If you’ve seen any reviews of this book, you already know that it is a novel about a woman who spent the first five years of her life with a sister, Fern, who happened to be a chimp. When I started reading the novel, I was sort of irritated that reviewers have put this plot point out there and spoiled some of the fun of reading, but now that I’ve finished, the fact that Fern is a chimp is not really the big point. The novel’s focus is more about family, communication, intelligence, memory, psychology and human treatment of animals. That Fern is a chimp is not the most important thing about her.
Our narrator Rosemary (for remembrance) starts in in the middle of things, which from her point of view is when she has been in college at UC Davis in 1996, her brother having run away from the family over a decade ago and her sister missing for even longer. Rosemary has left her parents (and, she hopes, her past) behind in Bloomington, Indiana, but much of her recollections have to do with her father, who as a psychology professor at IU did research world-famous involving Fern and Rosemary. Rosemary feels great guilt and responsibility for what happened to Fern and her brother, although she herself is not clear on the details of their disappearances. It’s only through recollections, chance meetings and conversations that the “facts,” such as they are, begin to emerge.
Rosemary is intelligent, sometimes funny, occasionally emotionally raw as our narrator, and she questions her own reliability in telling this story. She is aware that memory is a tricky thing, given the amount of psychology she has been exposed to growing up. Rosemary is self-reflective, noting that as a child she was terribly, annoyingly loquacious but as an adult she has learned to suppress certain aspects of her personality, her “monkey-girl” nature for which she was teased and bullied in school.

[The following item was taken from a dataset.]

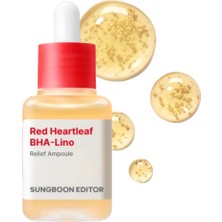Sungboon Editor Sungboon Red Heartleaf Bha-Lino Ampul - Dengeleyici Ampul 40ML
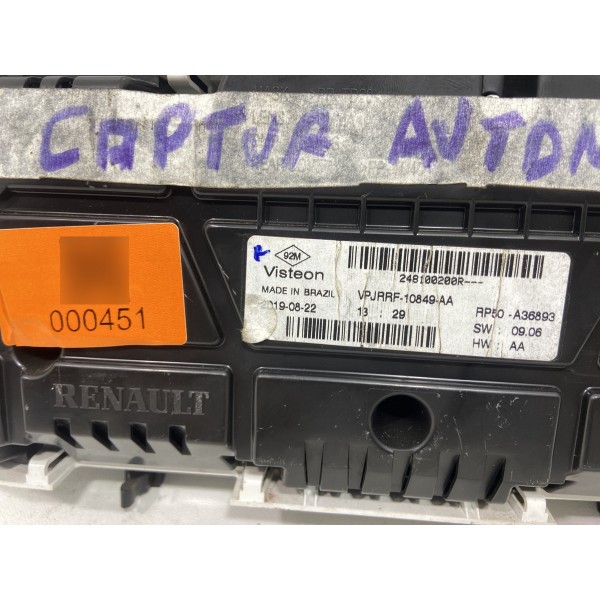 Painel Instrumentos Renault Captur 2017 2020 2022 Original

When the story begins, she is concerned that a chance encounter with a bohemian student named Harlow will cause her to revert to her uninhibited ways and bring unwanted attention to her family history. “In the comments section of my kindergarten report card I’d been described as impulsive, possessive and demanding. These are classic chimp traits and I’ve worked hard over the years to eradicate them. I felt that Harlow was maybe demonstrating the same tendencies without the same commitment to reform.” While she knows Harlow is bad news, she feels a kinship with her that has been missing since her siblings disappeared.
Communication is an important theme throughout this novel. Rosemary tells us that her father, in doing his research with her and Fern, said he wanted to see if Fern could learn to speak. Rosemary is suspicious and posits that what her father really wanted was to see if Rosemary could learn to speak chimpanzee. Rosemary and Fern were very close and, according to Rosemary, could understand each other as well as any two sisters. And like siblings, they experienced the gamut of feelings for each other from love to resentment and jealousy. Yet the communication among the other members of Rosemary’s family seems incredibly poor despite their verbal abilities. At one point Rosemary says, “Language is such an imprecise vehicle, I sometimes wonder why we bother with it.”
By the end of the novel, Rosemary has learned the truth about her family and herself. There are some sad and unexpected turns, but overall the plot hangs together well. I was very drawn in to the story and was convinced that Fern was a genuine member of this family and that her loss was as hard as the loss of any child could be. Fowler gives her reader a lot to think about and discuss in a reading group.